Preparing your resources
Now we're not wasting time being blocked by requests for unnecessary resources, but we can save even more time by making sure the resources we do need are as small as possible. Fewer bytes over the network means faster responses (or lower latency).
For HTML, CSS and JavaScript, you can reduce file sizes by minification. Minifying strips out all comments and white space, groups CSS selectors where possible, and renames JavaScript variables and functions to single letters, creating an unreadable mess for humans, but generally a much smaller file that a browser can parse just fine. Other file types like images, video and fonts should be optimized, and images should be served at their display size to avoid the browser having to do the image resizing.
There are a lot of minifiers and optimizers to choose from, and plugins to include the popular ones in build processes (with Gulp, Grunt, Webpack etc.) so you can automate these tasks.
You can reduce the size of minified text files (HTML, CSS and JavaScript) even further with gzip compression. Browsers are generally set up to support gzip already, so it has to be enabled in the server config.
Fetching your resources
So we've minimized the number of critical resources, and made them as small as possible, but HTTP requests are still an expensive part of loading a webpage. There are several things we can do to ensure we're making them efficiently.
Order of requests
First, we need to look at the order in which we're requesting resources. The most important requests should happen first, so things like essential CSS aren't being blocked by some less important process. This is why link
elements are usually placed at the top of a page inside the head
.
Number of requests
We should also try to make as few requests, or roundtrips to the server, as possible. We can do this by concatenating CSS files and JavaScript files into a single file for each before minifying. Be sure to only include the essential resources in this bundle though, otherwise you won't be able to take advantage of unblocking, deferring or asynchronously loading the non-essential resources.
Another way to reduce requests is to inline CSS and/or JavaScript. While this might be appropriate for static single pages or very small projects, and can be useful for, say, a small amount of critical CSS or code not shared with other pages, it's generally not a great solution.

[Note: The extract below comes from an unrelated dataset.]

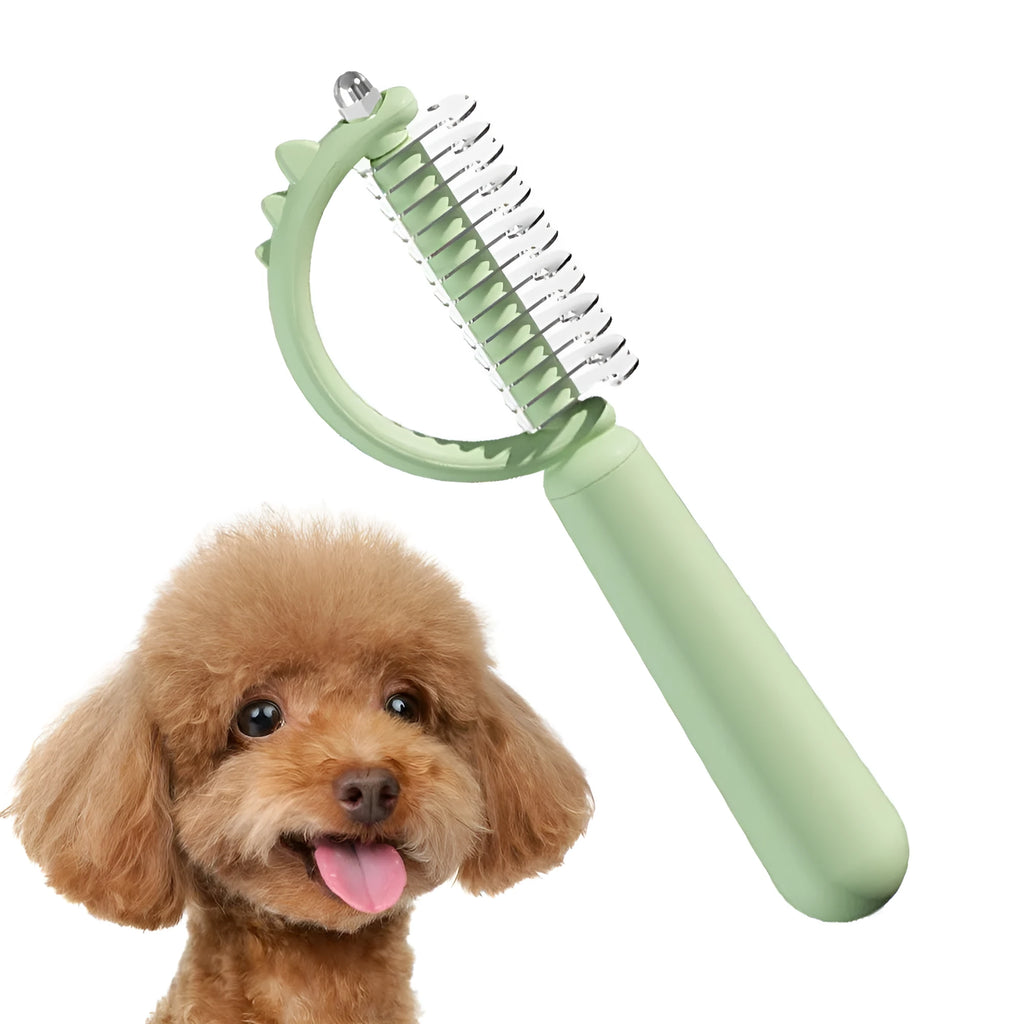 Blue dinosaur-shaped cat brush with stainless steel bristles and self-cleaning button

You save a request, but the downsides are potentially repeating code across multiple pages (which is a problem for maintenance), not being able to use CSS pre or postprocessors, and bloating your HTML page.
An HTML page should ideally be smaller than 14KB, otherwise the browser is going to have to make multiple roundtrips to download it anyway. On that note, if you have a lot of content to show on a page, you can load your HTML incrementally with AJAX, using techniques like pagination or infinite scroll to keep initial page load time to a minimum.
Size of requests
Finally, we can cut requests on subsequent visits to a page by saving certain resources locally. This is known as HTTP caching. If a resource hasn't changed since the last visit, why request it again?

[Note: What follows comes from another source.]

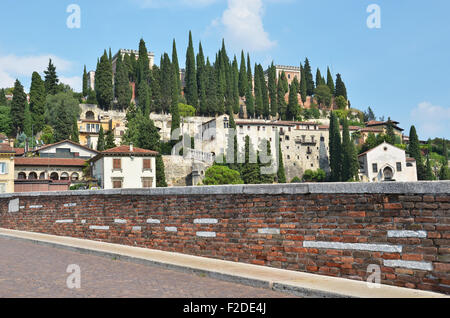 St. Peter bridge across Adige river. Verona, Italy Stock Photo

Caching is controlled by the server response rather than the request, so has to be set server-side. In the response headers, you can specify things like whether to allow caching, and how long the resource should be cached for. Once it has been downloaded and cached, when the client needs it a second time, the browser will first check the cache for the resource. If it's there, and hasn't expired, that's one less network roundtrip the browser has to make.

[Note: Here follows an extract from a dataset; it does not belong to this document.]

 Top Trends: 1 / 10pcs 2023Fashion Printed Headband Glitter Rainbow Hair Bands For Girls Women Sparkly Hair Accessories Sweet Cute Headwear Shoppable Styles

Resources that don't change very often (e.g. libraries) or code that is the same for all users are the best kind of things to cache, whereas code that's regularly updated is better cached for little or no time.
Final thoughts
Even with these techniques, optimizing page load is still a balancing act. Is including that library worth it for the amount we're using it? Is inlining that CSS to save a request a fair trade-off for how much it increases the size of our HTML file? It takes careful analysis and decision-making to find the best compromise for both developer convenience and user experience.